= Treaty of Niš (1739) =

Russo-Turkish peace treaty

Main theater of the Russo-Turkish War (1735–1739)

The Treaty of Niš was a peace treaty signed on 3 October 1739 in Niš (nowadays in Serbia), by the Ottoman Empire and the Russian Empire, to end the Russo-Turkish War (1735–1739). It was preceded by the preliminary Russo-Turkish peace treaty, signed through French mediation on 18 September 1739 in Belgrade, while the peace arrangements were finalized by the treaty of Niš on 3 October.

==History==
On 18 September 1739, the Treaty of Belgrade was signed by the Ottoman Empire and the Habsburg monarchy, thus ending the Habsburg participation in the war. On the same day, through the mediation of French ambassador, marquis Louis Sauveur de Villeneuve, a separate preliminary peace treaty was signed, also in Belgrade, aimed to end the war between Russia and the Ottomans. Since the Russo-Turkish treaty was signed through mediation, its viability depended on official acceptance by the Russian court. At that time, commander of advancing Russian forces, that had successfully captured Moldavia, field marshal Burkhard Christoph von Münnich was not included in negotiations, nor informed of the outcome of French mediation. In spite of that, negotiations proceeded further, and on 3 October (1739) the final Russo-Turkish peace treaty was signed in Niš, also through French mediation. Due to a looming threat of war with Sweden and French diplomatic pressure, Russian court decided to accept both treaties. After the formal ratification by empress Anna of Russia, diplomatic instruments were exchanged and the final convention was signed in Constantinople on 28 December 1739, also through the French mediation, thus formally concluding the war.

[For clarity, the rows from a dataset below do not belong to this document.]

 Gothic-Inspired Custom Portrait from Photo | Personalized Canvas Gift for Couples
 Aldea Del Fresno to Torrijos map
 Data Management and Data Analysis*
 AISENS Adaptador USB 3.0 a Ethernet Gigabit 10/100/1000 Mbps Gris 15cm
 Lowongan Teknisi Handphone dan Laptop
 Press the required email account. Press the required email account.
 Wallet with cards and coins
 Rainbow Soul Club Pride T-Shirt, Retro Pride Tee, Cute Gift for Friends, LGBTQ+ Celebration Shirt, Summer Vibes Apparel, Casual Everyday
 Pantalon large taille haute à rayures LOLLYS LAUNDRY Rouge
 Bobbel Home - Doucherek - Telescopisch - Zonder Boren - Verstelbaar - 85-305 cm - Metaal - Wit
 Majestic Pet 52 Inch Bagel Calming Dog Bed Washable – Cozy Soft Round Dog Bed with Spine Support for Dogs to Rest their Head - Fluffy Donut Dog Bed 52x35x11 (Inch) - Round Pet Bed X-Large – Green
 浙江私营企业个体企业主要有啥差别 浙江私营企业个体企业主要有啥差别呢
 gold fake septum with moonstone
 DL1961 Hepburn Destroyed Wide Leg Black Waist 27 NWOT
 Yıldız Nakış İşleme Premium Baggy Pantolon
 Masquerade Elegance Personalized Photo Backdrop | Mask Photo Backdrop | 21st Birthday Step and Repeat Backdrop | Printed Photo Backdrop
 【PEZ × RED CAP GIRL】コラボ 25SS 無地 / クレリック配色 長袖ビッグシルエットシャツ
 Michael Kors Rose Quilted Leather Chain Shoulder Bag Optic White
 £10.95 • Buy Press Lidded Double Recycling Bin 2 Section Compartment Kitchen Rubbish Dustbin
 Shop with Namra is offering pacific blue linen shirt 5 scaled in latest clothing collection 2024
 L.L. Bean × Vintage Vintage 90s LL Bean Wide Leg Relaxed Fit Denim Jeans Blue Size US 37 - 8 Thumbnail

By the preliminary Russo-Turkish treaty of Belgrade (18 September) and the final peace treaty of Niš (3 October), the Russians gave up their claims to Crimea and Moldavia, but were allowed to build a port at Azov, though without fortifications and without the right to have a fleet in the Black Sea. The Russian side also achieved some minor territorial gains, through corrections of land borders in the Pontic steppe regions. Russia was also allowed to build a fortress on the Don river island at Cherkassy, while the region of Kabardia was recognized as a neutral zone between the two empires.